I just bought the 24Gongs Trinity Bundle and the Percussives GUI is showing blank spaces where all the buttons and dials should be on Kontakt 6. It's fine on Kontakt 5, but I don't want to constantly switch back and forth. The other volumes, Mallets and Sticks, and Bows and Rubs are fine. Noise Guild hasn't been real responsive so does anyone know how to fix this easily? @Noiseguild @EvilDragon


----------



## nordicguy

D Halgren said:


> Noise Guild hasn't been real responsive...


Wrote to them about it Saturday (July 11), didn’t hear back from them yet...


----------



## D Halgren

nordicguy said:


> Wrote to them about it Saturday (July 11), didn’t hear back from them yet...


At least you confirmed that it wasn't just something to do with my system. Thanks, I will let you know if I hear from them. Maybe ED, or some other Kontakt wizard, will come by and get us sorted.


----------



## D Halgren

nordicguy said:


> Wrote to them about it Saturday (July 11), didn’t hear back from them yet...


Han just got back to me and said they will try to figure it out. I wonder if it might have something to do with this...

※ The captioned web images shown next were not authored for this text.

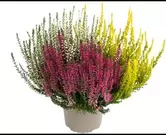 Calluna 'garden girls trio girls'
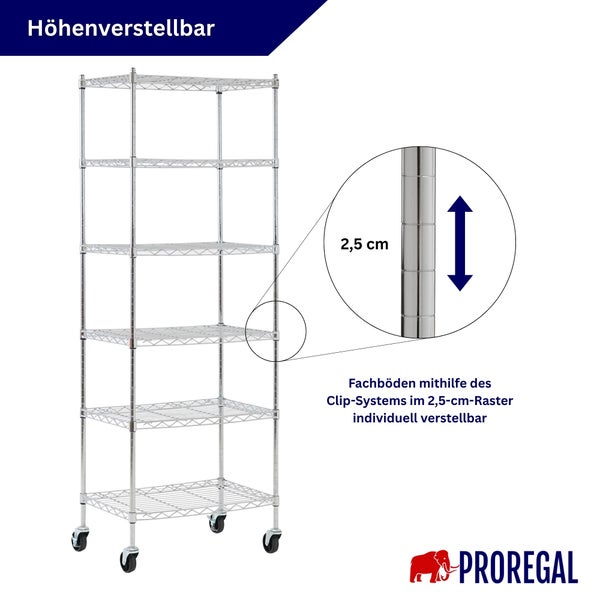 Verchromtes Gitterregal auf Rollen mit sechs Fachböden, die im 2,5 Zentimeter Raster höhenverstellbar sind. Proregal Logo.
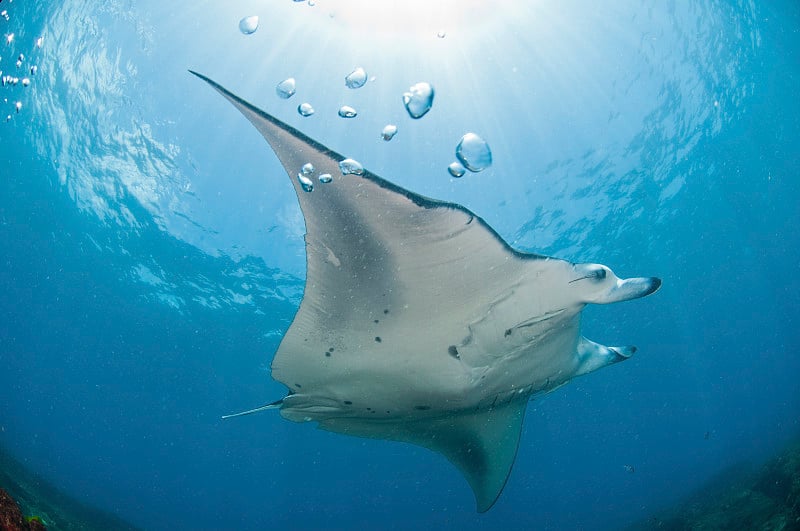 mantaray的预览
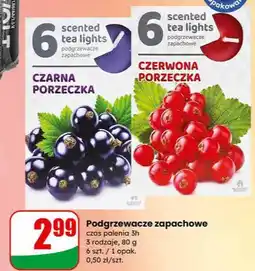 Dino Podgrzewacze zapachowe czerwona porzeczka oferta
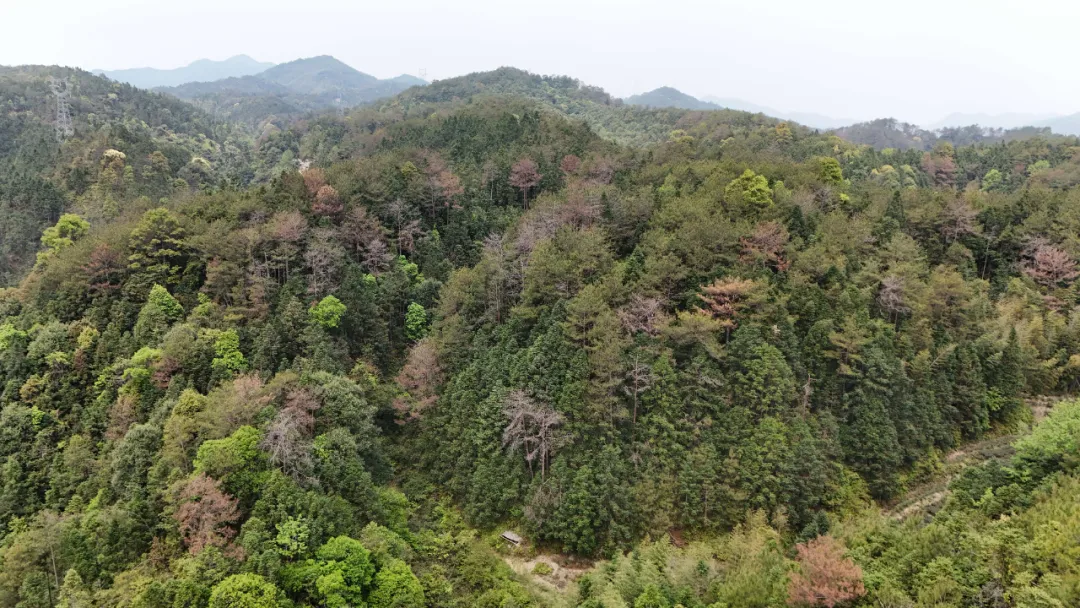 连城：“林药”共生长  青山变“金山” (5).jpg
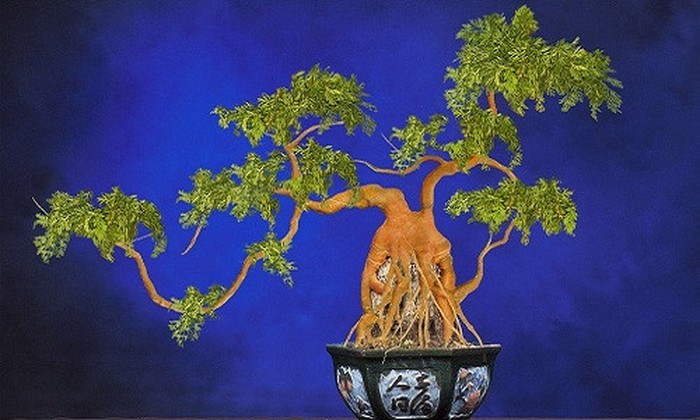 Loat rau cu duoc ho bien thanh bonsai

https://vi-control.net/community/th...ing-problems-with-kontakt-6-3-1-cubase.96094/


----------



## nordicguy

D Halgren said:


> Han just got back to me and said they will try to figure it out.

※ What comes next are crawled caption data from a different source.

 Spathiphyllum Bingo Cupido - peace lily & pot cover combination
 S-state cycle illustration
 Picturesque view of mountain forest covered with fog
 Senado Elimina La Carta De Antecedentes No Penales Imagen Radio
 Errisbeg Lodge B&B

Yes, had a reply this morning about it saying: _"We are looking into this at the monent."_.


> I wonder if it might have something to do with this...
> https://vi-control.net/community/th...ing-problems-with-kontakt-6-3-1-cubase.96094/


Couldn't say since I don't use Cubase.
That said, stand alone shows the same issue.


----------



## Noiseguild

Hi guys, sorry for the inconvenience. 

We have found an easy fix for this issue, people who mailed us about this should have had a response by now, if not, after checking your spamfolder, please let us know.

Han 
NoiseGuild


----------